CBS aired a special to Arnold Palmer before the final-round telecast started Sunday. And the highlight was the below interview in which Jim Nantz asked The King for his reflections from his time at the Masters.
The interview took place in Butler Cabin last year following the first-tee ceremony -- the last time Arnie would set foot at Augusta National.
It's an extremely emotional, well-done piece by Nantz and the entire CBS crew, and The King provides some great storytelling. Take a look.
Nantz offered some insight into the interview with Arnie and how it came about in a conference call last week.

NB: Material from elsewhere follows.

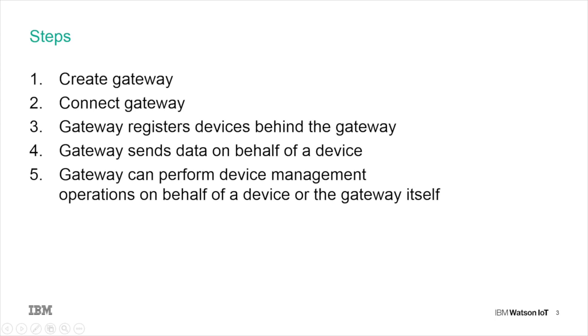So let's have a look at how you create and connect a gateway in the Watson IoT platform. After the gateway is connected, we will see how a gateway can register devices and send data on behalf of a device. Finally, I'll show you how device management operations can be done.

"I had said to him a couple times leading up to the tournament week that, if you felt up to it, and you wanted to come down to Butler Cabin, it’d be fun one more time just to kind of update what we’ve done in the past and sit down and talk about your history at Augusta," Nantz described on the call. "So he said, ‘Oh, that’d be great. Let’s wait until that day comes around and see how I’m feeling. So I’m in the clubhouse after the opening-tee shot ceremony, just sitting around a table that included Kit [Palmer], Alastair Johnston (chairman of Arnold Palmer Enterprises), Johnny Harris from Charlotte, and Tim Finchem. And Arnie looked at me and said, ‘What do you think?’ So I said, ‘It’s totally up to you—no pressure. If it’s something you want to do, let’s do it.’ And he looked at me and gave me that Arnie thumbs-up and said, ‘Let’s do it.'
"But I have to tell you, as soon as the lights came on, and the first question was presented to him about showing up to Augusta in 1955, it was as if he had suddenly turned back the clock. And you could just see it on his face; you’ve seen footage of him sitting on the first tee earlier that morning last year. But when the lights came on in Butler Cabin, Arnold was on. We had 24 minutes in all of content recorded there, of which, most of it will make the air. And it’s just, like I said, Arnold understood what we were doing. He knew how to handle it delicately, and that one day, it would air at the right time."
And thanks to CBS and Nantz, and most importantly, great recollections from Mr. Palmer, we have this incredible interview.
Thanks for the memories, Arnie. They'll last forever.